__DATASET EXTRACT__.

○ ○ ○ ○ ○ ○ ○

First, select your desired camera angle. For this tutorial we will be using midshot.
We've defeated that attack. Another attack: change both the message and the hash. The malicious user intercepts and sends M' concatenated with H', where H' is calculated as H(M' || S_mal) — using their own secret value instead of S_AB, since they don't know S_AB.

○ ○ ○ ○ ○ ○ ○

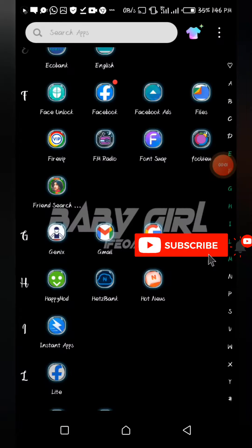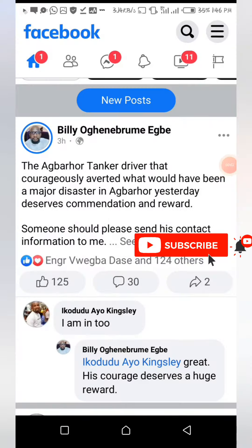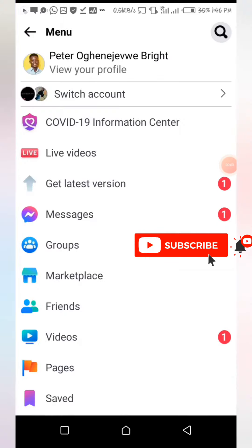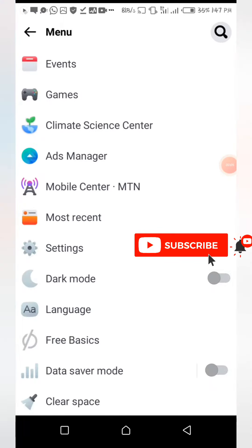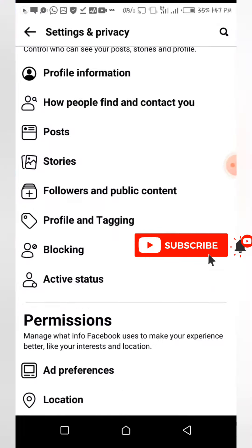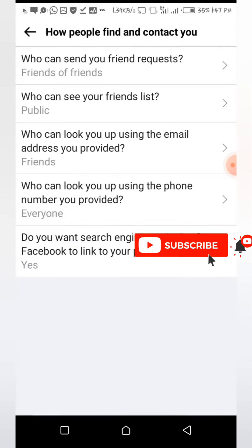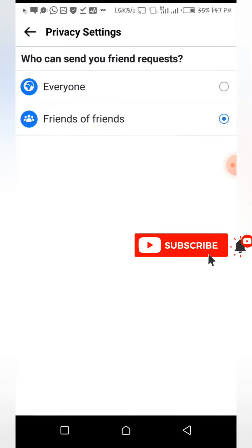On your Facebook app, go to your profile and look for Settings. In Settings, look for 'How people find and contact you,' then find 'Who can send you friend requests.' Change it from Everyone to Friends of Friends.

○ ○ ○ ○ ○ ○ ○

__EXERCISE GOAL__.
Show the lines of the records that contain the word "using".

__PROBLEM SOLUTION__.
First, select your desired camera angle. For this tutorial we will be using midshot.
We've defeated that attack. Another attack: change both the message and the hash. The malicious user intercepts and sends M' concatenated with H', where H' is calculated as H(M' || S_mal) — using their own secret value instead of S_AB, since they don't know S_AB.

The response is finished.